A randomized controlled trial recently published in Frontiers in Endocrinology by Gallo and colleagues assessed the efficacy of supplementation with selenium and vitamin D on parameters related to thyroid function in adults newly diagnosed with Graves disease. Individuals between the ages of 18 and 70 (who were otherwise in good health) were assessed for vitamin D and selenium status. Those included in the study had values <120 mcg/L for selenium and <30 ng/mL for 25(OH)D (circulating calcidiol or vitamin D2). Individuals in the treatment arm received 100 mcg of selenium daily and 7,000 IU of cholecalciferol (vitamin D3) weekly for 6 months. Both the treatment and control groups had received prescription therapy for Graves disease.

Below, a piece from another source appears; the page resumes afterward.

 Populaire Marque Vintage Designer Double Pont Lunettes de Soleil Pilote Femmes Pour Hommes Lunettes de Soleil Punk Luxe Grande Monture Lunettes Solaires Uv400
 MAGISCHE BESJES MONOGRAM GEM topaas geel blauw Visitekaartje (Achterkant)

The authors reported significantly greater reductions in the levels of serum free thyroxine (fT4), a thyroid hormone, in the treatment group as compared to the control group both in short- and long-term assessments (45 days and 270 days, respectively). Improvements in quality of life were also observed in the treatment group as compared to the control. Study strengths, as reported by the authors, include pre-screening of selenium and vitamin D levels; limitations include a relatively small sample size.
Overall study conclusions were that supplementation with selenium and vitamin D may support thyroid function in individuals with Graves disease and lower status of selenium and vitamin D. More research is necessary before further conclusions can be made. However, research suggests that vitamin D and selenium may support thyroid health and a healthy immune response.